As resenhas de apresentação do livro afirmam que o texto foge ao espectro infanto-juvenil dado contar a história (triste) de um menino retirante que chegou à presidência da República. Audálio Dantas traduziu em texto a narrativa feita pelo próprio presidente sobre a infância que ele próprio diz não ter tido.

A história contada pelo presidente em nada difere da acontecida com milhares de outros retirantes que no passado empreenderam a viagem ao sul do país a bordo de um pau-de-arara.
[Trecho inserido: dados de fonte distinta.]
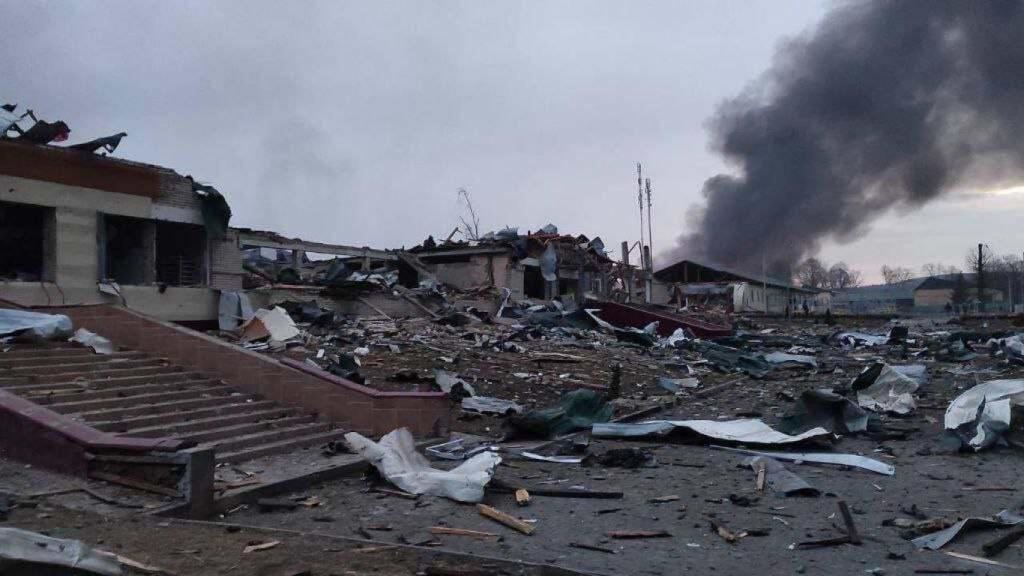 Imagen del Centro Internacional de Seguridad y Mantenimiento de Paz de Yavoriv tras el ataque.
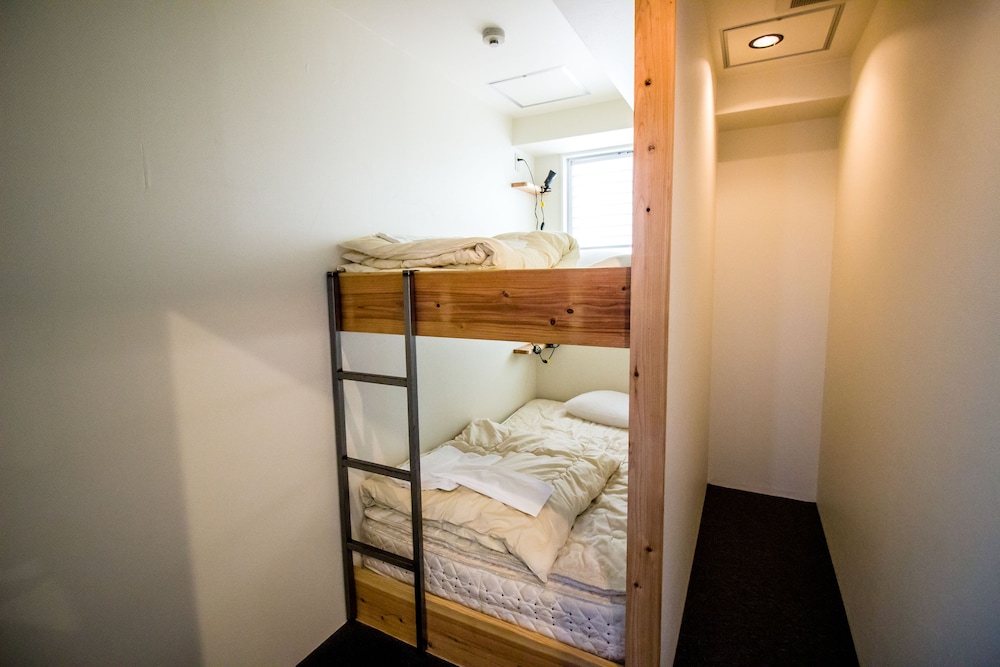 Santiago Guesthouse Hiroshima – Hostel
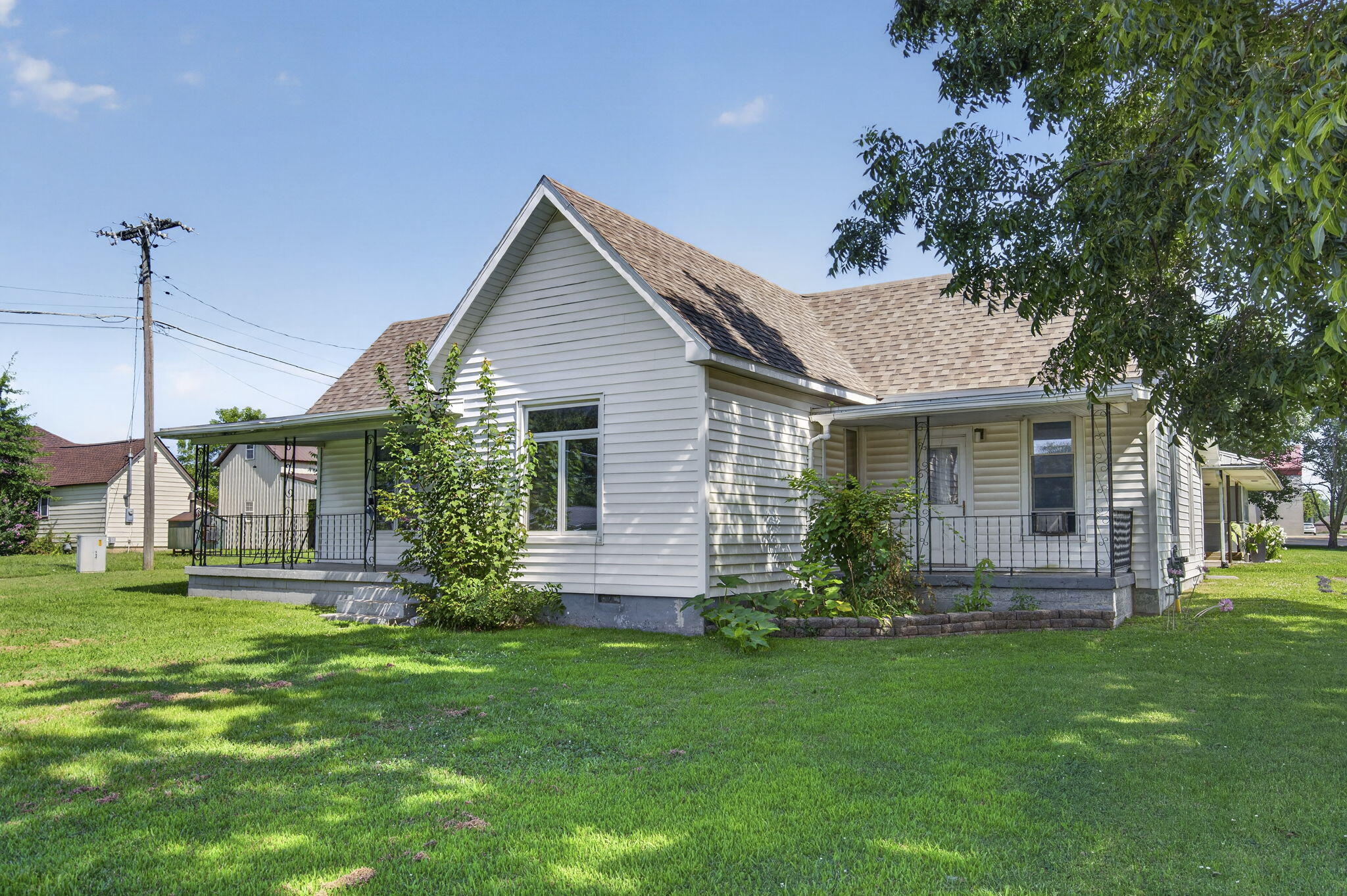 117 East Summit Avenue Property Photo 3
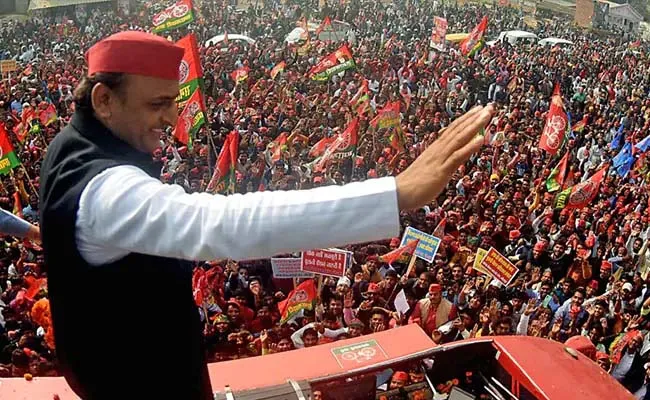 Officially Confirmed Akhilesh Yadav Contest 1st Up Election Karhal - Sakshi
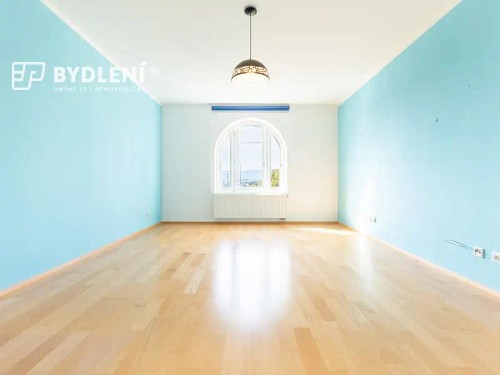 Prodej domu 382 m², pozemek 747 m²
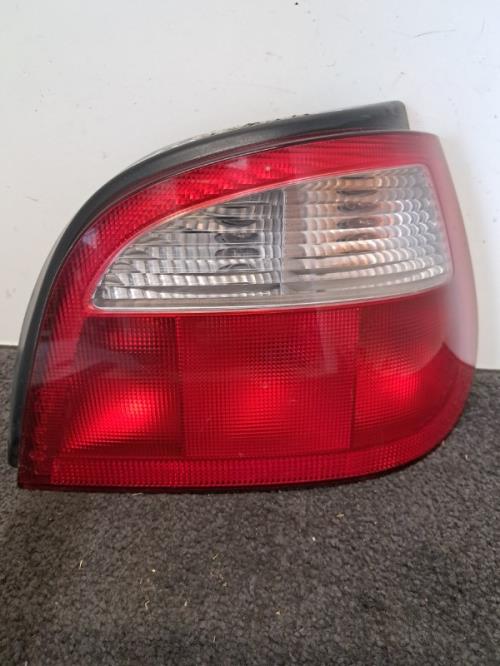 Image Feu arriere principal droit (feux) - RENAULT MEGANE 1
De fato, fugindo ao ciclo da fome e da miséria, Dona Lindu (a mãe de Lula) empreendeu com os sete filhos a incerta aventura de tentar a sorte em região mais próspera.

O livro consiste, portanto, de um memorial sobre a vida de uma criança cuja mãe, a certa altura, declarou: “esse menino vai longe”.

E ele foi. Daí que não há que se negarem a ele os méritos de sua trajetória realmente invejável, nem interpor qualquer mau juízo à sua força e determinação. O homem venceu, é adorado pelas multidões, louve-se o fato. Mas é justamente por isso que o atual presidente da República não precisa que à sua biografia sejam acrescentadas coisas como esse livro piegas cujo intuito, ainda que negado veemente pelo autor, é construir uma imagem de superação que sirva de exemplo aos jovens deste país e atenda a fins políticos bastante claros. Convenhamos que esse tipo de coisa – da forma que foi feita - fica bem aos homens públicos já falecidos cujas personagens passam a servir muito bem a roteiros de exaltação. E este não é, definitivamente, o caso do atual presidente da República.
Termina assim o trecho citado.